I saw right away that it was a wolf. People will want to tell me that it was a coyote but I’ve seen coyotes and I’ve seen wolves and this was a wolf.
Tall, walking fast but purposefully, head up, looking straight ahead, not scrounging for scraps and road kill, this was a wolf walking right along the shoulder of U.S. 2, going west while we were headed east.
“That was a wolf. Did you see it?”
We kept driving.
“We need to turn around. That was a wolf.”
We pulled over, made a U-turn, saw the wolf continuing his saunter and made another U-turn just in time for him to pass us, trot about 20 feet and lay down in the grass of the shoulder, wriggling and scratching his back like a dog in front of the fireplace.
I put down my window and fiddled with the camera on my phone. I wanted the flash on but realized the flash was only good for a few feet, not for a creature 20 feet away.
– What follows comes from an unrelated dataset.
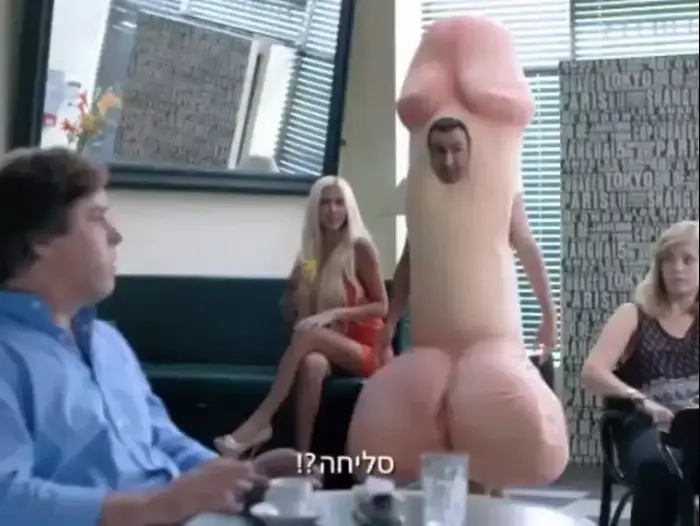 קמפיין הארץ (צילום מסך) קמפיין הארץ (צילום מסך)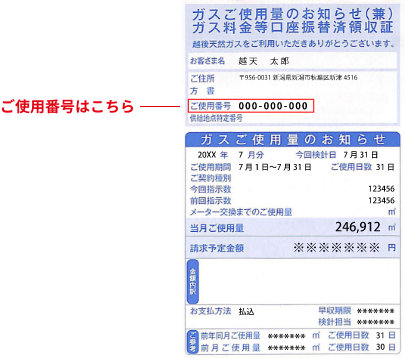 ガスご使用量のお知らせ（兼）ガス料金等口座振替済領収証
But I clicked anyway, a couple of times until I realized that the picture would be useless and what I should do is look at the wolf, really look at the wolf and see the wolf.
So I put my phone down and looked. When I did, he stood up from his roll in the grass and looked at me. Grey, lean, clear-eyed, the wolf considered me sitting in the car on the shoulder of the road long enough for me to feel fear and to think that I should appreciate the protection of our car and leave the wolf to his stroll along the shoulder of U.S.2. Who was I to interfere, to interrupt, to interject, to intrude?
Later, I looked at the pictures I took. All were of complete darkness, no hint of a wolf. Just blackness, just like it was there on the side of the road where the wolf was. Totally dark. No sign of the wolf.